Un problema específico presenta la jurisprudencia —en sentido estricto, es decir, la emanada de los más altos tribunales de justicia— como fuente del derecho.
En el sistema jurídico continental se la tiene como una fuente derivada, sujeta a la ley y expresión de esta —es, pues, un problema jurídico constitucional que cada ordenamiento resuelve de una u otra forma [DÍEZ PICAZO]—. No obstante tal concepción, el valor jurídico de la jurisprudencia —como algo más que ser conformadora y complementadora de la ley preexistente— se ha venido acentuando en nuestro ordenamiento, primero, con lo dispuesto por los artículos 22 LOJP y 433.3-4 CPP, que autoriza a la Corte Suprema de Justicia a dictar fallos vinculantes o de efectos generales, y, segundo, con el artículo 429.5 CPP que configura un motivo específico de casación: el apartamiento injustificado de la doctrina jurisprudencial establecida por la Corte Suprema y el Tribunal Constitucional —que solo puede entenderse así cuando ambos altos tribunales la declaren expresamente como precedente vinculante—.
Si bien no se advierte de la infracción de sus decisiones —concebidas, en todo caso, como directrices y auxiliares de interpretación de la Constitución y de la Ley, que consagran la vigencia efectiva del principio de igualdad en la aplicación judicial de la ley y del valor seguridad jurídica, así como la coherencia del derecho— una concreta sanción procesal —la nulidad en su caso—, es evidente que si el órgano jurisdiccional no sigue la doctrina jurisprudencial en caso de recurso impugnatorio, la resolución que no la acate será irremediablemente revocada por el órgano superior que conozca del respectivo recurso devolutivo.
La función de la Corte Suprema, superando el formalismo interpretativo, es atribuir sentido y unidad al derecho y cuidar su desarrollo.
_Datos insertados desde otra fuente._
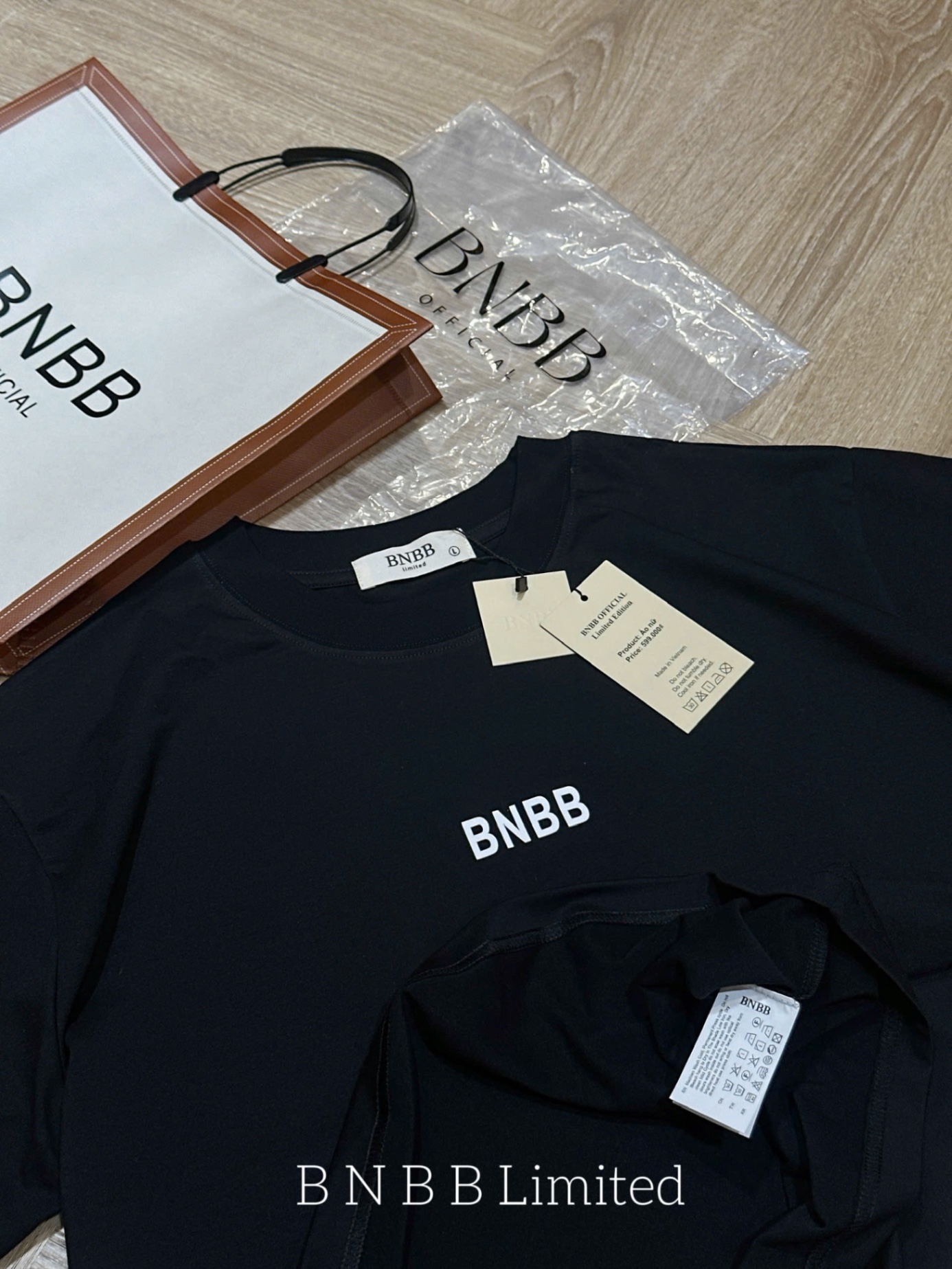 ÁO PULL CỘC ĐEN BNBB BASIC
Al hacerlo así, a partir de valoraciones asumidas debidamente racionalizadas, revela una “creación” no solo por hacer surgir algo que no preexiste a la interpretación o que deriva lógicamente de la ley —agrega algo nuevo al orden jurídico legislativo, sin invalidarlo o integrarlo—; sino también por ser expresión de la voluntad del Poder Judicial, indispensable para que el derecho pueda desarrollarse en la sociedad.
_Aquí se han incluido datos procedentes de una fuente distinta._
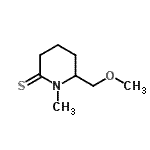 CAS 登录号：787636-53-7， 6-(甲氧基甲基)-1-甲基-2-哌啶硫酮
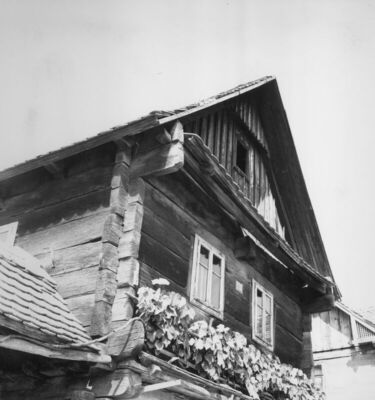 Letovanić (Lekenik) - Dio zabatnog pročelja drvene katnice k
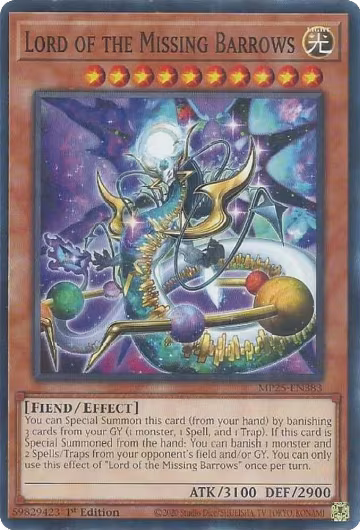 Lord of the Missing Barrows (MP25-EN383), 2025 Mega-Pack — Yu-Gi-Oh! card price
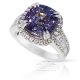 Violet to Purple sapphire diamond ring 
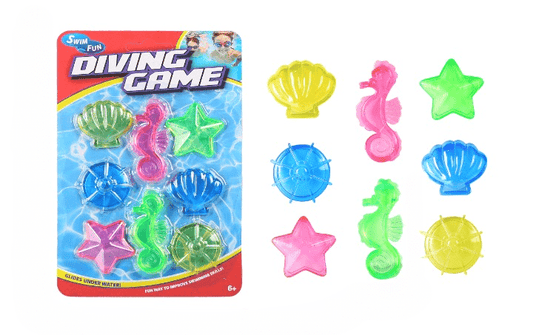 Mondo Diving Marine Toys 8Pcs - Marah Kids
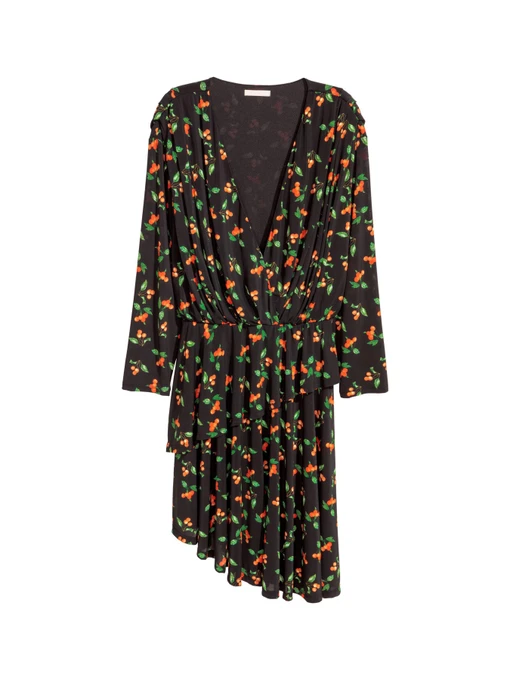 Платья H&M модель 5877596dlog_Черно-красный Фото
Ello quiere decir que las decisiones de la Corte Suprema no se limitan a las partes del caso, sino que se extienden a toda la sociedad con el carácter de derecho, por lo que la decisión que emita, sin que tenga la misma estatura que la ley, define el sentido del derecho con una eficacia general delante de la sociedad y es obligatoria ante los tribunales inferiores. Solo así habrá previsibilidad jurídica [MARINONI].